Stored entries
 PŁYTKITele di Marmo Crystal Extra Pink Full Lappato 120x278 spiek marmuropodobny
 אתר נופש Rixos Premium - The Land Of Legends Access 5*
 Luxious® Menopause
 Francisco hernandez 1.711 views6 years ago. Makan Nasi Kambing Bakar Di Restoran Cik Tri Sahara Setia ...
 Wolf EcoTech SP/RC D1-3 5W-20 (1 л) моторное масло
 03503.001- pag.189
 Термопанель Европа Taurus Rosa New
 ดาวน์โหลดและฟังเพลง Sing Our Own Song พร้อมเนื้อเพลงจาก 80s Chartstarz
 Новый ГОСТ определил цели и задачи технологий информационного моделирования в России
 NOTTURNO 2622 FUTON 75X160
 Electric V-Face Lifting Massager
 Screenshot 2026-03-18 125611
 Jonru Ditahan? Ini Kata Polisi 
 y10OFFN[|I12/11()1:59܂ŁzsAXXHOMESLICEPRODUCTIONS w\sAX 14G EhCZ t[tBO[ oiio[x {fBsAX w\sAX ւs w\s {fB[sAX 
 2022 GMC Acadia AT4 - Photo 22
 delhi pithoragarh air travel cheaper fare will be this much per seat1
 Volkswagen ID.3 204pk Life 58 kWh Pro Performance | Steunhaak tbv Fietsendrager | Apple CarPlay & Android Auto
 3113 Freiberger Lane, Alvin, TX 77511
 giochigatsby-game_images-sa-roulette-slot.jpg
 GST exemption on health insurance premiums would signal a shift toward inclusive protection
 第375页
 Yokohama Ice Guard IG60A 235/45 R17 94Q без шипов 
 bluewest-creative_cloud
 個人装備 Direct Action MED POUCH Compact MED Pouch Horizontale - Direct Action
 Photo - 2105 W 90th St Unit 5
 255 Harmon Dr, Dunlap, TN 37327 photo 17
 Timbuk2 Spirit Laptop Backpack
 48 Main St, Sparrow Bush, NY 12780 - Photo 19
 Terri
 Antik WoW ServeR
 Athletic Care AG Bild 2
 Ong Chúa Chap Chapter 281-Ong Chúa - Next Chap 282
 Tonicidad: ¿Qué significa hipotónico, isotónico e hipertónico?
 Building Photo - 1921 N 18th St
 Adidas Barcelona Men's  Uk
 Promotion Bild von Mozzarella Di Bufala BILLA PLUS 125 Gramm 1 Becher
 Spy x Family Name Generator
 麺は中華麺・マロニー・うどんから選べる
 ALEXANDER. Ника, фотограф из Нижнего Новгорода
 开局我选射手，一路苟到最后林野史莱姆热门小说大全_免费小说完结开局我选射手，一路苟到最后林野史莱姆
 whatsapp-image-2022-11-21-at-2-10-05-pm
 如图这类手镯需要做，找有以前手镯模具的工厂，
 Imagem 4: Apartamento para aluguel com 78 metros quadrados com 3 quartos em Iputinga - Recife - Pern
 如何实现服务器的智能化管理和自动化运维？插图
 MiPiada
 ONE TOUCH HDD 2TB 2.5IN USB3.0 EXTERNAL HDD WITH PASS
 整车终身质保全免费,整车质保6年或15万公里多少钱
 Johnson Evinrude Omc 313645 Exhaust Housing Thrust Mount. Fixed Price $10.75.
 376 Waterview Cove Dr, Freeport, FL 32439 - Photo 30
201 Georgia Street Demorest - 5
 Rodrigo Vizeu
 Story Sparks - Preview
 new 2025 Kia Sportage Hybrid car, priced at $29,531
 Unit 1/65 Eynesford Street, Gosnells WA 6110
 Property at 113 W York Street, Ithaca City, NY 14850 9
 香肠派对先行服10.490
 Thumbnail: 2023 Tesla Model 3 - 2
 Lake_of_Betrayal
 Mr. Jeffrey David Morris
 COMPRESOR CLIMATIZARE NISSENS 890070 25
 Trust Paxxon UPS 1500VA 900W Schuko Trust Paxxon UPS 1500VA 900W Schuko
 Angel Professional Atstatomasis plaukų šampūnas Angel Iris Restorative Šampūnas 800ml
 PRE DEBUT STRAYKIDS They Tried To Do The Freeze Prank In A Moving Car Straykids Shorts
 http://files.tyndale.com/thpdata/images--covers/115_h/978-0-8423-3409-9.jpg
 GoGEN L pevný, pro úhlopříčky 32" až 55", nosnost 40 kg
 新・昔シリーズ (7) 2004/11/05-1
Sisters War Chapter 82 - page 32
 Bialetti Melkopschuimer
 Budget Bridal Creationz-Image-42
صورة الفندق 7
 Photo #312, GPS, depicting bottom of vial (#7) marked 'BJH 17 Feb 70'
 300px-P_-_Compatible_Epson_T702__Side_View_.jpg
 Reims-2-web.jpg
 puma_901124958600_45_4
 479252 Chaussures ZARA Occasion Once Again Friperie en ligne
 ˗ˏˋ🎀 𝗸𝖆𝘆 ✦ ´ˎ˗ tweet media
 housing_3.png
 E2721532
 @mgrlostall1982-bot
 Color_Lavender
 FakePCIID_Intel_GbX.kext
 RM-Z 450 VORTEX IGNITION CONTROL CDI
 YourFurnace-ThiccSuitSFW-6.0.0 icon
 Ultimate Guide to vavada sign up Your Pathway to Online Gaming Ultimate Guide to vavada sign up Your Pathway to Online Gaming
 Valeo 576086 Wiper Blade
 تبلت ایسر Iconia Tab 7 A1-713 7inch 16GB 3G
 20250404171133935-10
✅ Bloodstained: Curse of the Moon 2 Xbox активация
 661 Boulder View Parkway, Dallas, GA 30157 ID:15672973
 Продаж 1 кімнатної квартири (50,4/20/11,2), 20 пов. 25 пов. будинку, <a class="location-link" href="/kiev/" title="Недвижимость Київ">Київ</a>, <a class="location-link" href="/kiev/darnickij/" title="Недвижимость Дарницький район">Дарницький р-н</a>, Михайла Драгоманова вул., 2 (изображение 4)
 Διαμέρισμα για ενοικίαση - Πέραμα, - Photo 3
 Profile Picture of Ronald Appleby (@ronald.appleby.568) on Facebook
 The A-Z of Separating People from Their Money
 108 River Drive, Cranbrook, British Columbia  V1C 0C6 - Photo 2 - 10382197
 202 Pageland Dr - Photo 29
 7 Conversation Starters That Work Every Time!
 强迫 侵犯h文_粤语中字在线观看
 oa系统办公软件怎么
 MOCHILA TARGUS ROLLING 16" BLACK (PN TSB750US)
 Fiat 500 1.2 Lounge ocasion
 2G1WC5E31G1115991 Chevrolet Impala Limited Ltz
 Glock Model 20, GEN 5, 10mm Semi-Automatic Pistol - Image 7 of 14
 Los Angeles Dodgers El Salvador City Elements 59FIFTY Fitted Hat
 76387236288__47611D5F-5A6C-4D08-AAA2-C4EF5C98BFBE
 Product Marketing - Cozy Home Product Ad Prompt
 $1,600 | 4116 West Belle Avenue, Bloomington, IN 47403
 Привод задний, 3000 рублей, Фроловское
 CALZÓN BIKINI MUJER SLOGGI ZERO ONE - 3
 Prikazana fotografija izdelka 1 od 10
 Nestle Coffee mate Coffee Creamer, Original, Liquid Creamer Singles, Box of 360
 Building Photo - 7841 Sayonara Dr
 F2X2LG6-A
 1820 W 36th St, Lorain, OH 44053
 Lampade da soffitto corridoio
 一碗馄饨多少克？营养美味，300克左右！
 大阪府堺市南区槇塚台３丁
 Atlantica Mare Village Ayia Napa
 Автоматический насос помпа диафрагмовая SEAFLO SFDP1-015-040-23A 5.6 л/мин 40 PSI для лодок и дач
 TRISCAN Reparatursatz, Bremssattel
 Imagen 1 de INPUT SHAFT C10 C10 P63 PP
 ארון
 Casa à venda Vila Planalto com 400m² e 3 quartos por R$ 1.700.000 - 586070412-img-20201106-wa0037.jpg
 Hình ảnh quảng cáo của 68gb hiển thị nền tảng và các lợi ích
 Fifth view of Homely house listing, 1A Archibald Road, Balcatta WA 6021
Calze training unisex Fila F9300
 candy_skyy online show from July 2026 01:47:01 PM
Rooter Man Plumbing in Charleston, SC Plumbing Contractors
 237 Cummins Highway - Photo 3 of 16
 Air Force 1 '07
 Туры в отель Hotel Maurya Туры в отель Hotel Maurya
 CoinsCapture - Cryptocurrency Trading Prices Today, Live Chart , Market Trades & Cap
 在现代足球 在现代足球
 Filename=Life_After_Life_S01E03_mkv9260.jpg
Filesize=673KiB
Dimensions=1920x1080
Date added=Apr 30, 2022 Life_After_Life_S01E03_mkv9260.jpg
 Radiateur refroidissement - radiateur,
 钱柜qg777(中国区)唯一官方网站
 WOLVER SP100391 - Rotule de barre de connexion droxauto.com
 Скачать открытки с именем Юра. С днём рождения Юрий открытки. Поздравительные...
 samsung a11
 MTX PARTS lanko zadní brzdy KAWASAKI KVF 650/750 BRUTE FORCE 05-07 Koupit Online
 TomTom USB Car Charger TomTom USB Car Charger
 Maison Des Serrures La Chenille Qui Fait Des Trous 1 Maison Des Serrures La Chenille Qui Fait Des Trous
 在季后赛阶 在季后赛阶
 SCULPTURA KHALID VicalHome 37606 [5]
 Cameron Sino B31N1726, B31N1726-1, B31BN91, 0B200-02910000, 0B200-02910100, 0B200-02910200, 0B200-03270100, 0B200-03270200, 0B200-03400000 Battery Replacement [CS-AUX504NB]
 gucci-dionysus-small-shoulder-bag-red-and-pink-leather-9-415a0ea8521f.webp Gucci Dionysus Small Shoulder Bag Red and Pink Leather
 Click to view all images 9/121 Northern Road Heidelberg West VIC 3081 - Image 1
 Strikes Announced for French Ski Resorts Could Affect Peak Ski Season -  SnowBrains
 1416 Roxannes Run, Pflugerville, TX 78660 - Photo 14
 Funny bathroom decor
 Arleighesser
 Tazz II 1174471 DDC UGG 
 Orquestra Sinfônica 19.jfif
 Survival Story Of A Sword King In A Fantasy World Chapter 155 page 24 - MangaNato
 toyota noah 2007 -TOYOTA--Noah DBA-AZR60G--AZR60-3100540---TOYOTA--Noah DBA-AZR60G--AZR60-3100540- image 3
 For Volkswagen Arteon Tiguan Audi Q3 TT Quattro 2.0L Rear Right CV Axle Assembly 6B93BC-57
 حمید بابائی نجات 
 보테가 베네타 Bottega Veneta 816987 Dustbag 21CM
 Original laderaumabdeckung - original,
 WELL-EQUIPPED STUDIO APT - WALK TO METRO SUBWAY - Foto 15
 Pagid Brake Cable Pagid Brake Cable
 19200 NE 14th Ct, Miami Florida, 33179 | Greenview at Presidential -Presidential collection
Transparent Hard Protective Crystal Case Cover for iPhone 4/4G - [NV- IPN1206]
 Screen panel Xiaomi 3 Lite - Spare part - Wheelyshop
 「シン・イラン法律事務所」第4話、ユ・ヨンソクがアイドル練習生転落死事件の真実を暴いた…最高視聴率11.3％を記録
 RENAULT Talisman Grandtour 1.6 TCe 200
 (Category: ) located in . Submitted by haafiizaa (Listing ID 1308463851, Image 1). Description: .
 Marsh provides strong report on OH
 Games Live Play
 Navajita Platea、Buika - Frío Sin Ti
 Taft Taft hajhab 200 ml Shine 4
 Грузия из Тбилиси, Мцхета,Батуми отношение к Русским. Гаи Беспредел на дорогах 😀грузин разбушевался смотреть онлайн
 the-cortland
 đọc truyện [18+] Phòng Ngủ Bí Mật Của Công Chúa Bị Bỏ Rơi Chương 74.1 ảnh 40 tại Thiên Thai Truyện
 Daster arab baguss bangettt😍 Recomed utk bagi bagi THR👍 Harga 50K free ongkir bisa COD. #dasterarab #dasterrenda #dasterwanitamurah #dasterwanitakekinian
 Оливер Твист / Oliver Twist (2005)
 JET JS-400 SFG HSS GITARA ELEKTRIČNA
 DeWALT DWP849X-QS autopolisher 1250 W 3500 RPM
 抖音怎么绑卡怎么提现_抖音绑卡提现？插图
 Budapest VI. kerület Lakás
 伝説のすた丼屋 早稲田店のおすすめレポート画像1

## THE TASK
Tally the lines above that include "Model", and reply with only the tally.

## ANSWER SPACE
2